Task brief.
Look below for the line with "Ball Shape Glass" and the line with "See America Graphic". Copy exactly those two lines and every line between, but not the pictures.

[Brief descriptive captions]
· · ·

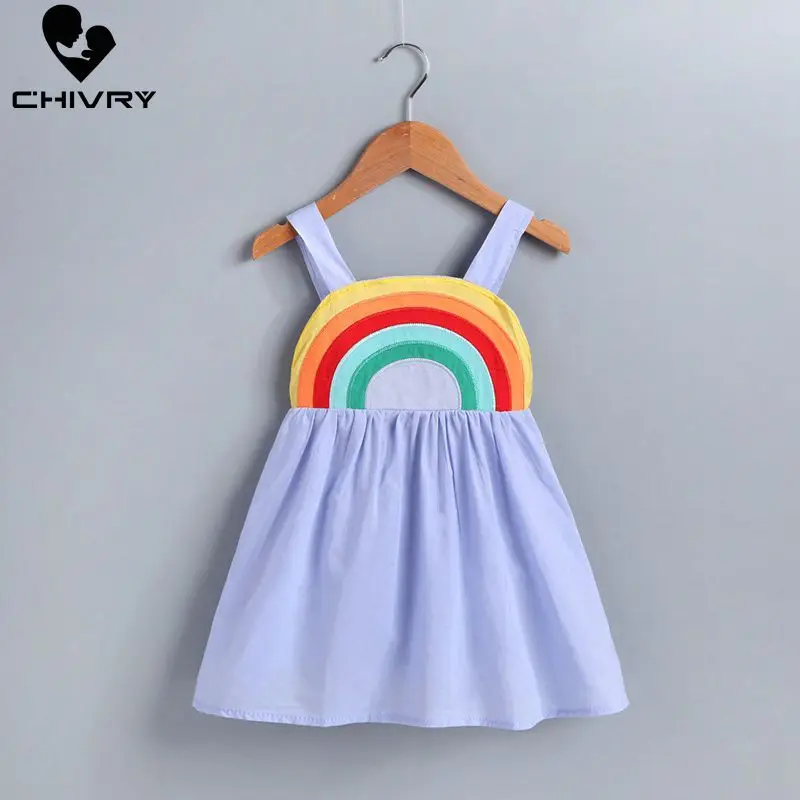 Летнее платье для маленьких девочек платья принцессы с радужным принтом детское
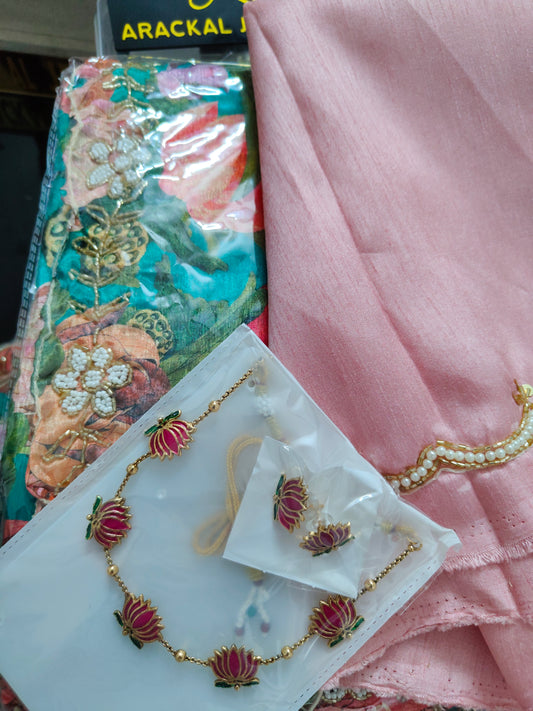 Manjuwarrior inspired handwork  saree with handwork blouse with free lotus trending necklace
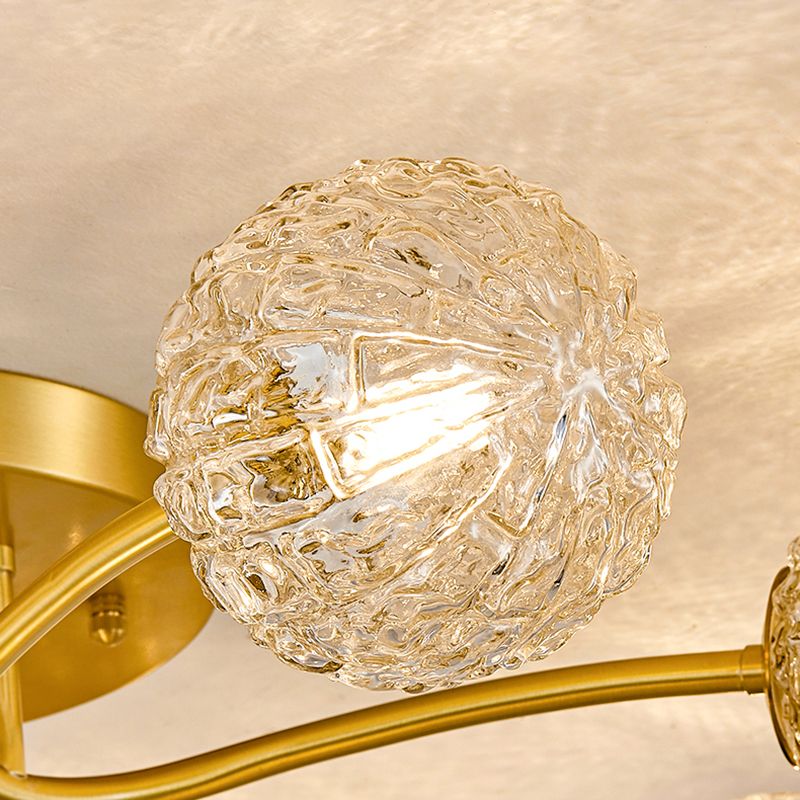 Ball Shape Glass Flush Light Modern Style Multi Lights Flush Mount Fixture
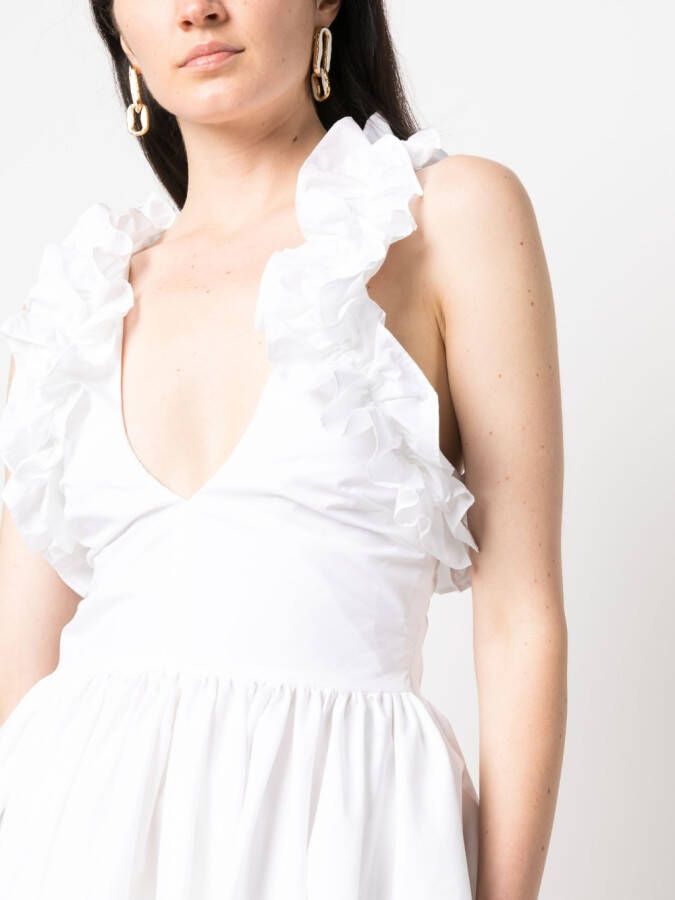MSGM Flared jurk Wit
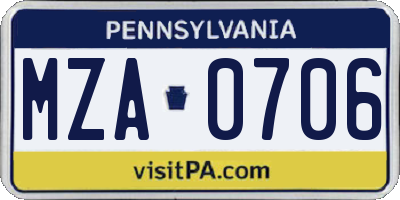 PA license plate MZA0706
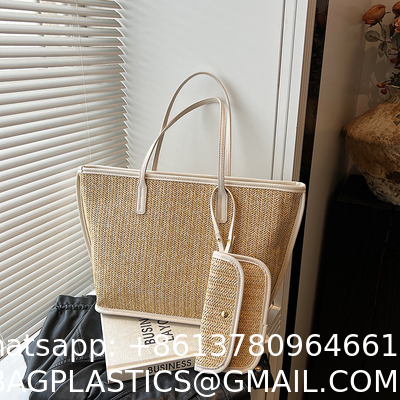 Crochet Raffia Pouch Clutch Stylish Straw Wicker Beach Bag For Summer Weddings Parties Bag Mesh Luxury Women Handmade Handbags Raffia Beach Market Shopping Bag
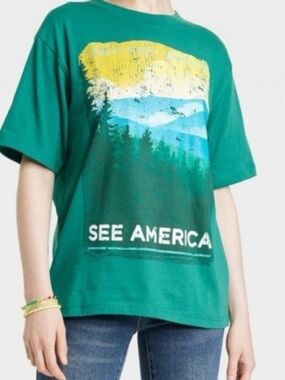 See America Graphic Tee  - Green 0029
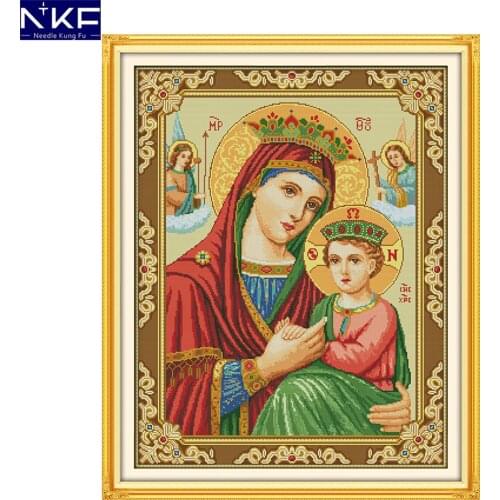 NKF Holy Mother and Holy Son Cross Stitching DIY Kits Needlework Cross Stitch Kits for Embroidery Home Decor Cross-stitch Set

· · ·

Result of the task.
 Ball Shape Glass Flush Light Modern Style Multi Lights Flush Mount Fixture
MSGM Flared jurk Wit
 PA license plate MZA0706
 Crochet Raffia Pouch Clutch Stylish Straw Wicker Beach Bag For Summer Weddings Parties Bag Mesh Luxury Women Handmade Handbags Raffia Beach Market Shopping Bag
 See America Graphic Tee  - Green 0029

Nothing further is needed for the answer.